[THE TASK]
Could you please repeat the entries below word for word, with the images left out?

++++ LISTED ENTRIES

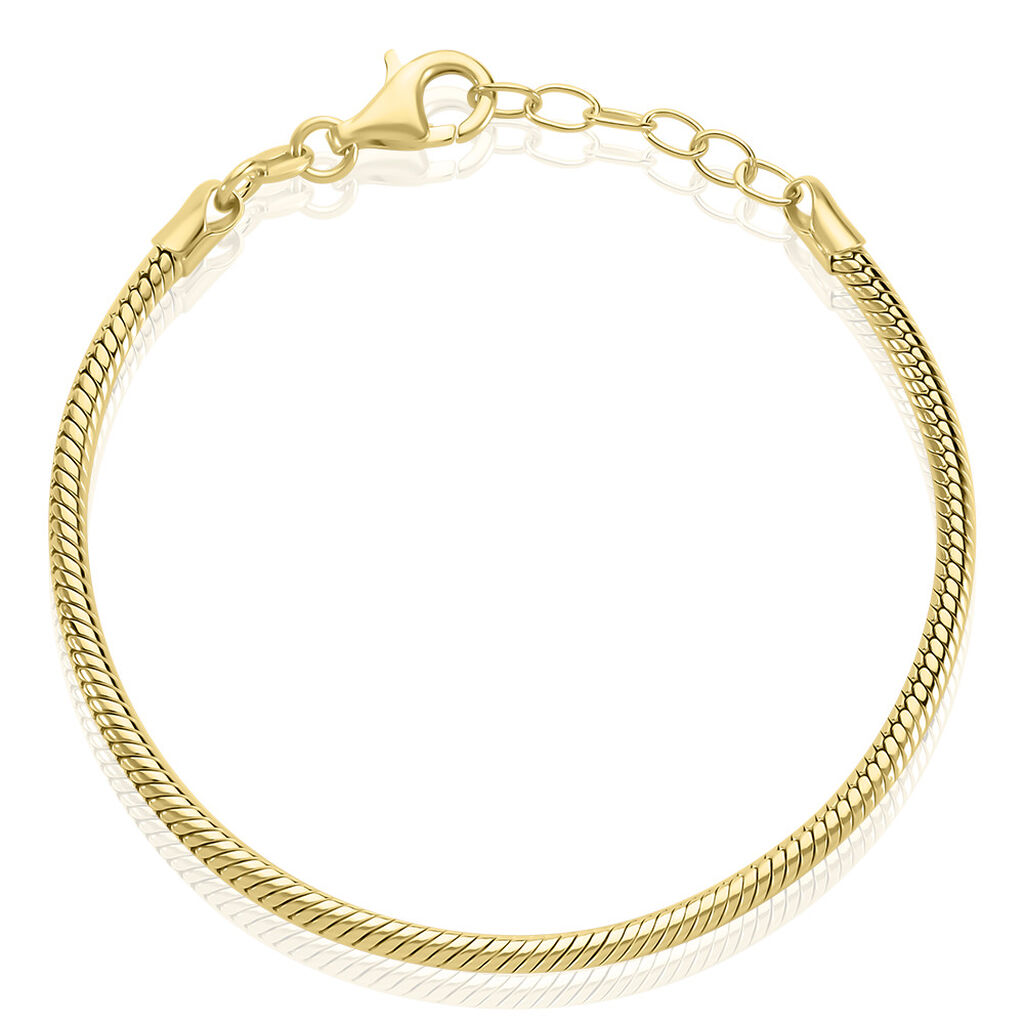 🦚 LEANDRA Damen Armband Silber vergoldet 925 B 3 mm, Armband ohne Stein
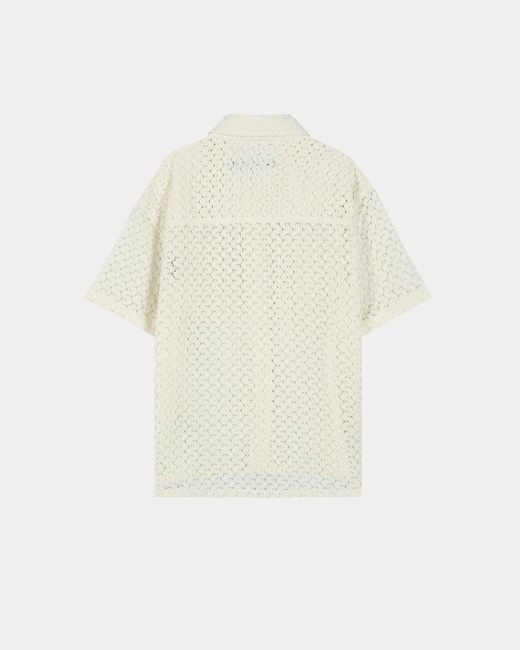 ANDERSSON BELL White Lace Short-Sleeve Shirt for men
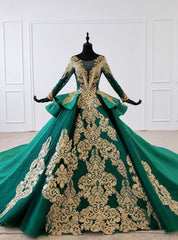 Green Bll Gown Satin Gold Appliques Long Sleeve Backless Wedding Dresses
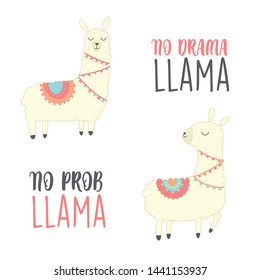 Cute Llama Illustration. Cute alpaca cartoon character. Can be used for card design, greeting or invitation card, nursery, and other. 
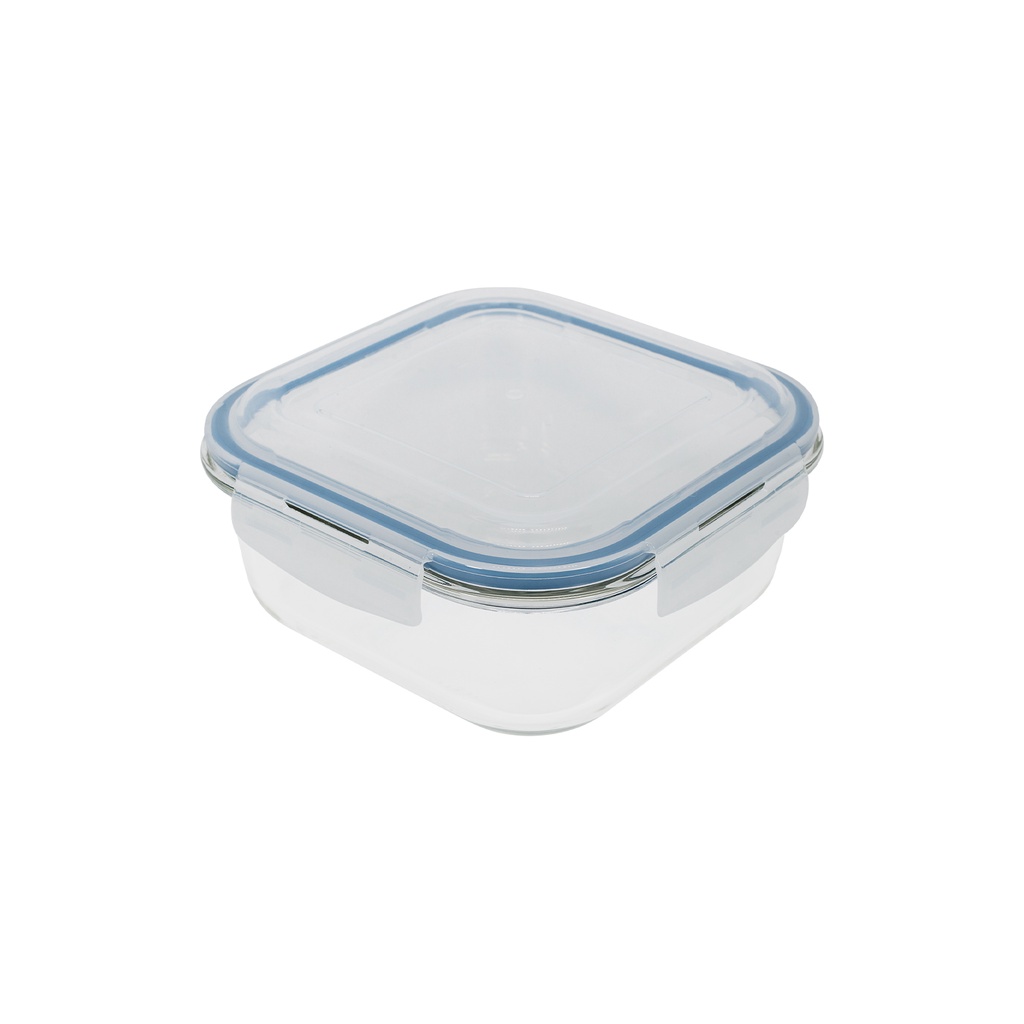 Pote 1,2l De Vidro Com Tampa Transparente Quadrado Raso - Oikos - Home & Living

++++++++

[WRITTEN ANSWER]
 🦚 LEANDRA Damen Armband Silber vergoldet 925 B 3 mm, Armband ohne Stein
 ANDERSSON BELL White Lace Short-Sleeve Shirt for men
 Green Bll Gown Satin Gold Appliques Long Sleeve Backless Wedding Dresses
 Cute Llama Illustration. Cute alpaca cartoon character. Can be used for card design, greeting or invitation card, nursery, and other. 
 Pote 1,2l De Vidro Com Tampa Transparente Quadrado Raso - Oikos - Home & Living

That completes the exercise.